How bad is Northern Ireland’s general practice crisis?

In an exclusive interview, the BMA Northern Ireland’s GP Committee chair Dr Alan Stout discusses the country’s pressing issues, including its lack of political leadership.

The BMA NI recently published its ‘plan to save general practice’ which summarises the policies it has been repeatedly calling for.

Political situation and workforce issues

Q: How does the current political situation in Northern Ireland impact on general practice?

A: Importantly, to start with, the work that we’ve been doing isn’t even dependent on the political situation being resolved – it’s too important and it’s too urgent for that.

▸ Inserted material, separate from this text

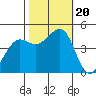 Fort Ross tide chart for Friday, October 20, 2023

So this [plan to save general practice] is for when we’re engaging with our politicians. But this needs the Department of Health to act, and we simply can’t wait any more for the assembly, for the executive, to come back. We’re not hearing anything imminent, that they’re going to return.

What we’re seeing is not only the service really struggling – partly because of a lack of political leadership, partly because of the lack of any proper budget, particularly a multi-year budget – we’re actually seeing our services going backwards now at a rate of knots. We’re obviously seeing the day to day crisis, but our biggest fear is that we’re actually getting to an irrecoverable position. We’re not even looking at next year, thinking we could resolve this for next year, we’re thinking even over the next three, four, five years it’s not going to be recoverable.

The biggest factor in that is workforce alone. You can obviously start to then talk about the funding and the resource and everything else. But the workforce is what is terrifying us at the moment. In general practice – this is right across the health service in Northern Ireland, just about every area that we look at – but in general practice alone we just are not training enough people to replace those that we’re losing. We are not retaining people either. And that is a huge fear that we’re just not going to have the workforce to deal with it.’

Q: The Northern Ireland Department of Health confirmed last month that there is no funding to implement a 6% uplift to NHS staff including GPs, which was recommended by the DDRB for Northern Ireland, Scotland and Wales. What impact is this having?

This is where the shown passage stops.